つながりたくないから、
5ドル支払ってスマホを預ける!?
鈴木:米田さんは「ノマド・トーキョー」で明日どこに泊まるかもわからない暮らしを実践して、ある意味、人生を一度究極まで振ったわけじゃないですか。で、次はどこへ向かうのかな、ってすごく興味があるんですけど。
米田:それ、みんなから聞かれる(笑)。まず1つはね、僕は今年、2014年のつもりで生きているんですよ。
鈴木:来年について考えながら生きる、ってこと?
米田:今と、ほんの少し先の未来を同時に生きるという感覚かな。だって10年後っていわれたら何をしているかわからないけど、1年後くらいのスパンならどうなっているか、なんとなくイメージしながら実践できるじゃない。
鈴木:それで今年も3カ月終わったけれど、何か発見はありました?
米田:うん、今は外部に答えを求めるというよりも、自分のなかで答えを探すというふうに「内観」する時間を増やすようにしてますね。こうやって人と会ったり体験したりしたことを持って帰って、自分のなかで見つめる作業がしたいというか。まあ最近は、山に登ったり、滝に打たれたりとかもしていますよ。
鈴木:じゃあ、精神的ノマドなのかな?
米田:そうかも(笑)。だって、僕のマイブームはテレビなんですよ。
鈴木:え、テレビ!?
米田:NHKドキュメンタリーとか、すごく内容が濃くて面白いよね。ちょっとインタラクティブものはスピードダウンさせて、歴史に裏打ちされた芸術作品とか職人が作ったものを浴びて、打ちのめされたいんですよ。圧倒的なものに触れてみたい。たとえば僕の場合、自然かな。熊野とか山に登るのもそうなんだけど。まあこの先、インタラクションはずっと続いていくと思うけど、ちょっとだけその先を見たいなという気はしていて。未来ばっかりじゃなくて、歴史や過去、長いタイムラインを体内にインストールしたくなっている。
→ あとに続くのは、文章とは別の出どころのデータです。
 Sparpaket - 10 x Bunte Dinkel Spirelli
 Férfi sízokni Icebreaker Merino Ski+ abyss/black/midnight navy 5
鈴木:なるほど、面白いねえ。でも、僕も少し似ているのかもしれないけど、greenz.jpではずっと「未来」「未来」「未来」って突っ走ってきたでしょ。だからその反動で、最近「今」に目が向いているんですよ。僕自身、1年半くらい前にぶっ倒れて、3日間ぎっくり腰で動けなくなったことがあって。
その後、講演を依頼されていたピースボートに3週間くらい乗ったんだけど、その間インターネットもつなげず仕事もせず、ただぼけーっとしていた。そこで気づいたんです。「未来」ばっかり見て走ってきたけど、「今」を全然大事にしていなかった、と。もう一回、自分のなかでの偽りのない生き方や暮らしを見つめ直さないといけないな、と思いましたね。
米田:それ、すごく僕も感覚が近いと思う。鈴木くんも、いろいろ見て回ったがゆえに、そこに行き着いたんだろうね。あ、あと僕のもう1つのマイブームは、プール瞑想。25メートルプールを1時間くらいかけてゆっくり往復するんですよ。泳いでいるとさすがにスマホ使わないし、インターネットもしないじゃない?それくらいしないと外部情報から自由になれないんだよ。
そういう情報すべてを遮断して体を緩やかに動かしながら瞑想できるといえば、普段のライフスタイルでは、水の中が手っ取り早いんだよね。ほら、ランニングしてもつい、スマホで走った距離とか計測しちゃうじゃない(笑)。
鈴木:ああ、それでいうと僕の場合、ドライビング瞑想ですね。運転中はケータイとかも通信できない状態にしちゃうし、ラジオも付けない。というか壊れていてつかないから(笑)。するとやることないから自分と向き合えるんです。これがけっこう僕は好きで。
米田:たくさんの人を巻き込んでメディアをつくったり、イベントをやったりして、大騒ぎした結果、2人とも大旋回してそこに帰ってきているのかもしれないね(笑)。まあお金と時間を使って、我々は情報をデトックスする時代にきている気がする。
鈴木:そういえばどこか海外のホテルで、スマートフォン有料預かりサービスが始まっているみたいですよ。つながりたくないから、5ドル払ってわざわざ預かってもらうんだって。あと喫茶店で、圏外を売りにしている店もあるみたい。要は電波妨害装置を使っているんでしょうけど。
米田:「はて、そもそも俺は何がやりたかったんだっけ?」と一回自分の状況をまっさらにして考えるにも、そういうシチュエーションとか時間とか場所を意識的に作らないと難しい世の中になったということですね。